§ Exercise description:
Working from the entries below, give again each line from the first through the one containing "Dossier La Brune", exactly and with nothing else.

(Items from a data source)
□ □ □

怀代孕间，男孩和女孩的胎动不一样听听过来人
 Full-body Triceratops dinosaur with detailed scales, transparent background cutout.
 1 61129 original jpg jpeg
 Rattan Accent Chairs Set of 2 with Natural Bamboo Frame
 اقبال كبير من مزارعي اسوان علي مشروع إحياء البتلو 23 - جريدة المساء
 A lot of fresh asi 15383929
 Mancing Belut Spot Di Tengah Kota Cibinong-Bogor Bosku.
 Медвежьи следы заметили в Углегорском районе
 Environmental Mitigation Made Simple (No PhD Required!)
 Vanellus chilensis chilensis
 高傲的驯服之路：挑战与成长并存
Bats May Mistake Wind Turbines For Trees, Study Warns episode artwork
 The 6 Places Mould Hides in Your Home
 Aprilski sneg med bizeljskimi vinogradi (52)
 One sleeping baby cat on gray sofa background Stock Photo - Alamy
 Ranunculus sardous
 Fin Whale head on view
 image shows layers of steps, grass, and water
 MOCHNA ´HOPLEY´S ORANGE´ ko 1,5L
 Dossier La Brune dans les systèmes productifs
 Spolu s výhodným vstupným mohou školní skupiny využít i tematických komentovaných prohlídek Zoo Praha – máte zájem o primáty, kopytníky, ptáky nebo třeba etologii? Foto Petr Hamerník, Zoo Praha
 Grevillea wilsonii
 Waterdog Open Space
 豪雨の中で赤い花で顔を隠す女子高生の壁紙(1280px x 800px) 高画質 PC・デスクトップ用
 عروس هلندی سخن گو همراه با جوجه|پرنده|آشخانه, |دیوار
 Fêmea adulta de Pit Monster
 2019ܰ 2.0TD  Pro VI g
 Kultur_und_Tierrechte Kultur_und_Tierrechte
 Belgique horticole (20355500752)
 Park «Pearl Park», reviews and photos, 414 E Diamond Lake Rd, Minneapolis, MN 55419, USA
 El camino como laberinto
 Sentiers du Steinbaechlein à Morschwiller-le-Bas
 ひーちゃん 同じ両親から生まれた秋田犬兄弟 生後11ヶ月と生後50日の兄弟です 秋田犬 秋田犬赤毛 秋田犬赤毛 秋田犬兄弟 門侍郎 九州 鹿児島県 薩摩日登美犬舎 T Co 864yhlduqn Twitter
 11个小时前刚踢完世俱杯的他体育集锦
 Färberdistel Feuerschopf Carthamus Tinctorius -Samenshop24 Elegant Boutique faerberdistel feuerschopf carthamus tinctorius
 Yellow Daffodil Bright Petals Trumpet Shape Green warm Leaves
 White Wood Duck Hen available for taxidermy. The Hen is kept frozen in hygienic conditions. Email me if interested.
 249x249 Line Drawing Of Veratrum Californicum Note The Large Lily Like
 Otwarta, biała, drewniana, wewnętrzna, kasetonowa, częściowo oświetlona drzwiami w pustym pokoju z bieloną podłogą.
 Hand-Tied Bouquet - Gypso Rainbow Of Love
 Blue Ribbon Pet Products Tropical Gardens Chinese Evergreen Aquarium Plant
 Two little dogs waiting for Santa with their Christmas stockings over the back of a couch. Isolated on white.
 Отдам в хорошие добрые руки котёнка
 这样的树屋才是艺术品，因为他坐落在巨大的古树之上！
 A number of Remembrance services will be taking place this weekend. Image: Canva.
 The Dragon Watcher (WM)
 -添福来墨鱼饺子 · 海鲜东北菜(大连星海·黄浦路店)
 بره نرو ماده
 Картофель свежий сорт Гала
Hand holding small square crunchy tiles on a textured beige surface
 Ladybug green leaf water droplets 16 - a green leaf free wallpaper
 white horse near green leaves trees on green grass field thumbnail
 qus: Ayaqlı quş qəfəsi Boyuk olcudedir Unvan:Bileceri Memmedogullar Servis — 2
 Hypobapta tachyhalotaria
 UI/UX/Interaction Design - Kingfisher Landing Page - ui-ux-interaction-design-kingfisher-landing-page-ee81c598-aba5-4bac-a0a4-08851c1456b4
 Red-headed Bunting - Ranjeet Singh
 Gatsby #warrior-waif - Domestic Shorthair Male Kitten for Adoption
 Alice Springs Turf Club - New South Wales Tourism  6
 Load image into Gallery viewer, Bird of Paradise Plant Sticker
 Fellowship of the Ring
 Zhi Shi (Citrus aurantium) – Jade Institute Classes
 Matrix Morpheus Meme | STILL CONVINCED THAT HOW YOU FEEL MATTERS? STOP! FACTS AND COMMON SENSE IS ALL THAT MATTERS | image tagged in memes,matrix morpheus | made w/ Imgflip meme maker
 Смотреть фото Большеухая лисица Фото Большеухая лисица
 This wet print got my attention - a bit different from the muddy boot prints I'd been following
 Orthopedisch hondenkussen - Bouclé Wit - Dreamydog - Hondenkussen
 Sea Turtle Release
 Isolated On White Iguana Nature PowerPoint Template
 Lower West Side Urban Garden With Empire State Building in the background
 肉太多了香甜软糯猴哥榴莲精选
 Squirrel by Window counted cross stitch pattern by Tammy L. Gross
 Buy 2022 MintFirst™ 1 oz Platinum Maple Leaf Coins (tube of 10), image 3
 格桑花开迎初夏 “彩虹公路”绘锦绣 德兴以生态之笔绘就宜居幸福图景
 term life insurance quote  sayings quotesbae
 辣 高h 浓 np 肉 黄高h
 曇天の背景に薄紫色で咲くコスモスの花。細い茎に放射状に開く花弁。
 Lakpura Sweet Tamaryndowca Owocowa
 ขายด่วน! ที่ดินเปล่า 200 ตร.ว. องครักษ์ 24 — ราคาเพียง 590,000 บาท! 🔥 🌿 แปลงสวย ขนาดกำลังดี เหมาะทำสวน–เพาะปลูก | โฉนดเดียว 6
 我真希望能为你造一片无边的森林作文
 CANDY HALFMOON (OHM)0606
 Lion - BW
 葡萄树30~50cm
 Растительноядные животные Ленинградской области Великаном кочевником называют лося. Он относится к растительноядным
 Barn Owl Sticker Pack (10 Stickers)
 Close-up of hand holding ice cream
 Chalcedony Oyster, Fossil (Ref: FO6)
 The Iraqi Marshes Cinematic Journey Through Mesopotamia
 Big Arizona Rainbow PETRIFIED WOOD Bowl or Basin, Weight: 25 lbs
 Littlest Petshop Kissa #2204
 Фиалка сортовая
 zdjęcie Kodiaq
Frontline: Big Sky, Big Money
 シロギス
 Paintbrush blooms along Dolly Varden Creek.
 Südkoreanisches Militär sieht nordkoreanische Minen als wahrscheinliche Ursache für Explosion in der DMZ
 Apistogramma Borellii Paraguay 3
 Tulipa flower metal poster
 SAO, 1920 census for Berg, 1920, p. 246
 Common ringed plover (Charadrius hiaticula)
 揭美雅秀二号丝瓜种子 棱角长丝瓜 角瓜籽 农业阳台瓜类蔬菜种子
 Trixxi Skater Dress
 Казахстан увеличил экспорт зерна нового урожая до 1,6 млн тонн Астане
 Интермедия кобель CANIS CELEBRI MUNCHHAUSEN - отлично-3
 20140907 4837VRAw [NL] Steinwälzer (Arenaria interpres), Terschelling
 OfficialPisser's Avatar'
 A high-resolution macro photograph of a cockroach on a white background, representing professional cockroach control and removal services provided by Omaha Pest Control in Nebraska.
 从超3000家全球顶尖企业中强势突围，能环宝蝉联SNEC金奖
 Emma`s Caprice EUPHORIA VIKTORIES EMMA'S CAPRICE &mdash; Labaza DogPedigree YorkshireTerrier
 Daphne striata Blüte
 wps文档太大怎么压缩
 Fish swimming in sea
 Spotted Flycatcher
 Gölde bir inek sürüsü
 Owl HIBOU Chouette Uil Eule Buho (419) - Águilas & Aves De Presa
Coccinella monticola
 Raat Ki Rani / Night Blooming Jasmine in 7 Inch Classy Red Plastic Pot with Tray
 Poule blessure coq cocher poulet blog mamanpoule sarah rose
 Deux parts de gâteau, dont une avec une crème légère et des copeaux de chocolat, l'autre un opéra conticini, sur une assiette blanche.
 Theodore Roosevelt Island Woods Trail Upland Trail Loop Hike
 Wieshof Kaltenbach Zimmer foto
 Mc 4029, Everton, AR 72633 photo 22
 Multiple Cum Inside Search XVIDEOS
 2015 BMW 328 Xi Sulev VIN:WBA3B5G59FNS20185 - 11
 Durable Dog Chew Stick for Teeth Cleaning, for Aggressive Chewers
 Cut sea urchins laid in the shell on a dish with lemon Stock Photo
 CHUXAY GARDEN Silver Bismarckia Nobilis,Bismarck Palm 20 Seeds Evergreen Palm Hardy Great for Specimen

□ □ □

§ Response to the task:
怀代孕间，男孩和女孩的胎动不一样听听过来人
 Full-body Triceratops dinosaur with detailed scales, transparent background cutout.
 1 61129 original jpg jpeg
 Rattan Accent Chairs Set of 2 with Natural Bamboo Frame
 اقبال كبير من مزارعي اسوان علي مشروع إحياء البتلو 23 - جريدة المساء
 A lot of fresh asi 15383929
 Mancing Belut Spot Di Tengah Kota Cibinong-Bogor Bosku.
 Медвежьи следы заметили в Углегорском районе
 Environmental Mitigation Made Simple (No PhD Required!)
 Vanellus chilensis chilensis
 高傲的驯服之路：挑战与成长并存
Bats May Mistake Wind Turbines For Trees, Study Warns episode artwork
 The 6 Places Mould Hides in Your Home
 Aprilski sneg med bizeljskimi vinogradi (52)
 One sleeping baby cat on gray sofa background Stock Photo - Alamy
 Ranunculus sardous
 Fin Whale head on view
 image shows layers of steps, grass, and water
 MOCHNA ´HOPLEY´S ORANGE´ ko 1,5L
 Dossier La Brune dans les systèmes productifs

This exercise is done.